Mirembe Kawomera (also known as Peace Kawomera, or "Delicious Peace") is an interfaith Fair trade coffee cooperative in Mbale, Uganda. The cooperative is made up of Jewish, Christian, and Muslim farmers. Founded in 2003 by JJ Keki, the members of Mirembe Kawomera use music and fair trade coffee to promote peace between religions.

== History ==
Jewish Ugandan coffee farmer and musician J.J. Keki founded Peace Kawomera after witnessing the attacks of September 11, 2001 firsthand during a trip to New York City. Deeply moved, he felt compelled to bring different religions together in peace. When Keki returned to Uganda, he walked from village to village, enlisting Jewish, Christian, and Muslim farmers to join his Fair Trade cooperative. Today, over 1,000 farmers have joined Peace Kawomera. He got help marketing their coffee from the organization Kulanu (All of Us ). Laura Wetzler, a volunteer, called a long list of coffee roasters, in alphabetical order, until she got to the Fair Trade company, Thanksgiving Coffee. CEO Paul Katzeff at Thanksgiving Coffee says (according to an article on Green America's website): “For me the story was inspiring...People of faith finding hope through coffee. Choosing cooperation in a world torn up by intolerance. I said, ‘OK, I'll buy it.’”

This alliance of Muslims, Jews, and Christians in Uganda with Kulanu and Thanksgiving Coffee in the United States has had two major benefits for the Ugandan farmers, as described in YES magazine: "By banding together and by establishing a fair trade relationship, the farmers now realize enough profits from sales to meet their families' basic need?s [sic]—a sharp contrast to the hardship of trying to sell as individuals to large corporate buyers in a glutted world market. Better circumstances have, in turn, sweetened relations between the unique Mbale Jewish community and their more numerous Muslim and Christian neighbors." It has also gotten the attention of synagogues across America as well as the media in the US and Israel.

== Products ==
In 2006, the Thanksgiving Coffee Company in Fort Bragg, California, became the sole distributor of Peace Kawomera coffee.
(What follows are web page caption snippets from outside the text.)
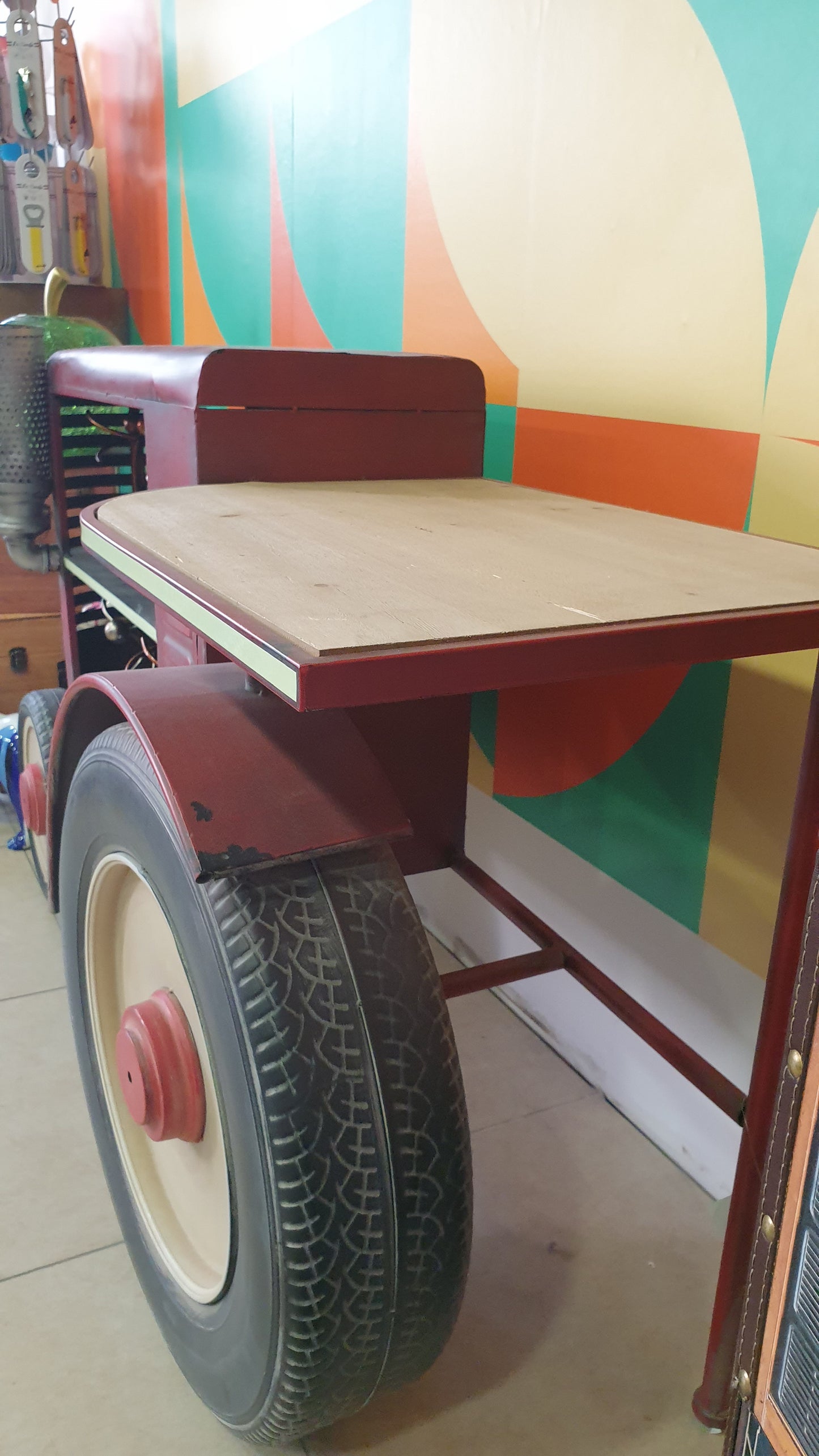 Console tracteur rouge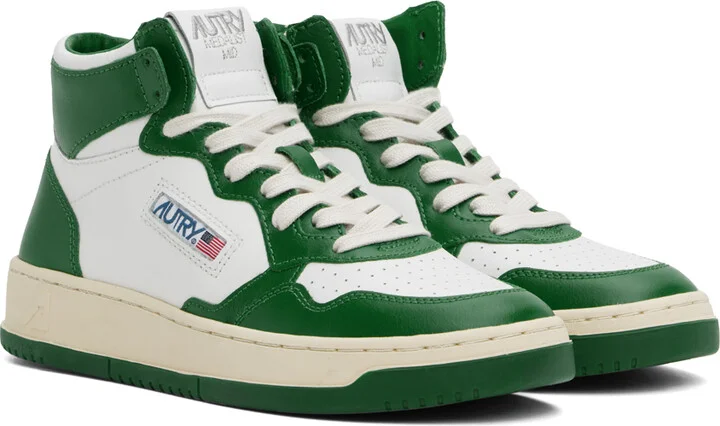 AUTRY White & Green Medalist Mid Bicolor Sneakers - Image 4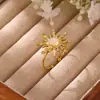 Anillo abierto vintage de piedra de sol y luna transfronterizo, popular en estilo europeo y americano, joyería de acero inoxidable con girasol, elegante y de lujo ligero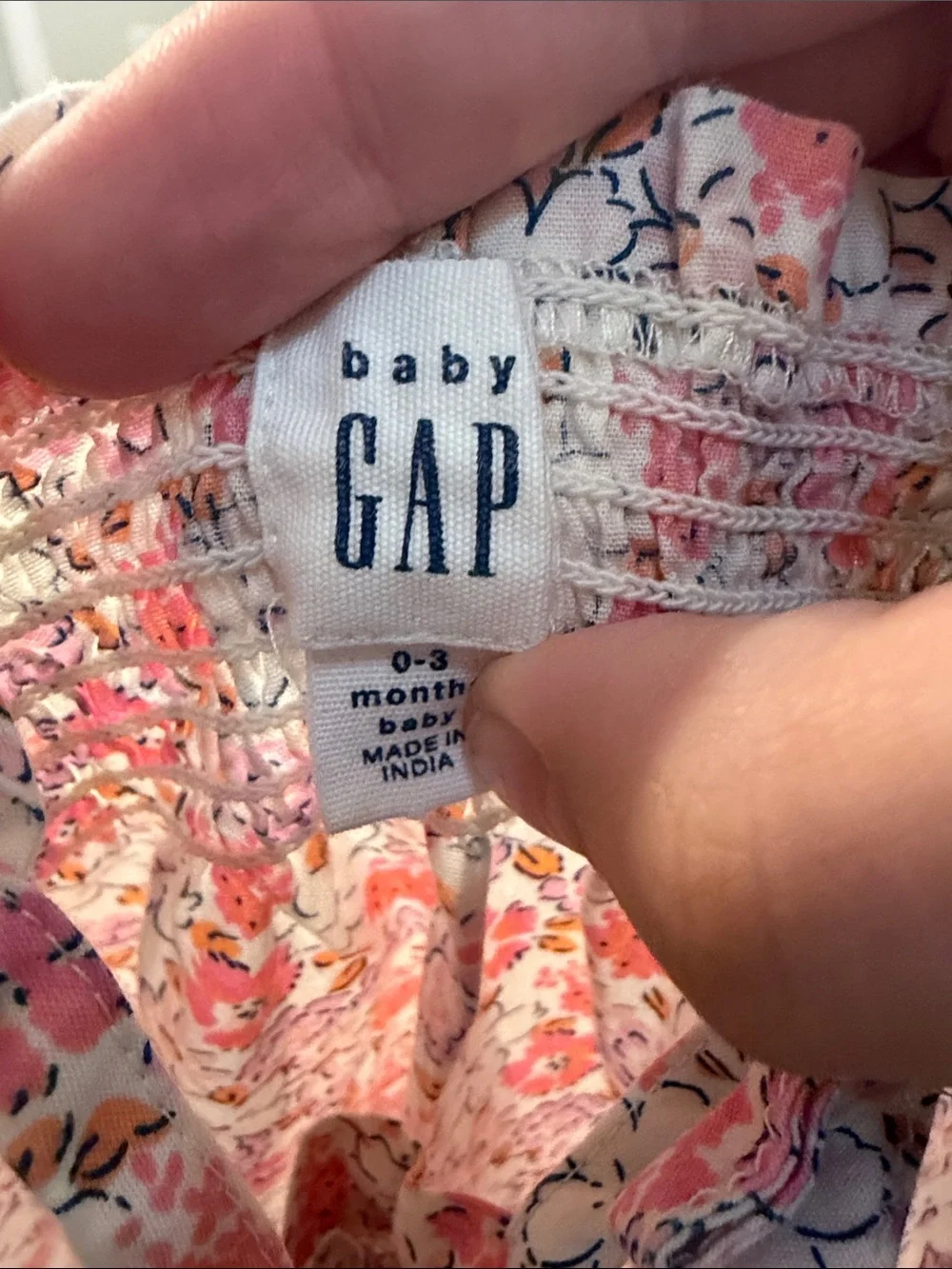 GAP Pink Floral Smocked Baby Romper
They produce dark roast, light roast, and decaf coffee from the cooperative's harvest.

The farmers of Mirembe Kawomera are also musicians, and founder JJ Keki refers to himself as the cooperative's "Music Director." The Smithsonian Folkways album "Delicious Peace: Coffee, Music & Interfaith Harmony in Uganda" features music from members of the cooperative, recorded and compiled by Tufts University Professor and Rabbi Jeffrey Summit. According to Folkways, the album "aims to overcome religious conflict and bring peace through song [and] features uplifting, multilingual songs that teach cooperation through music."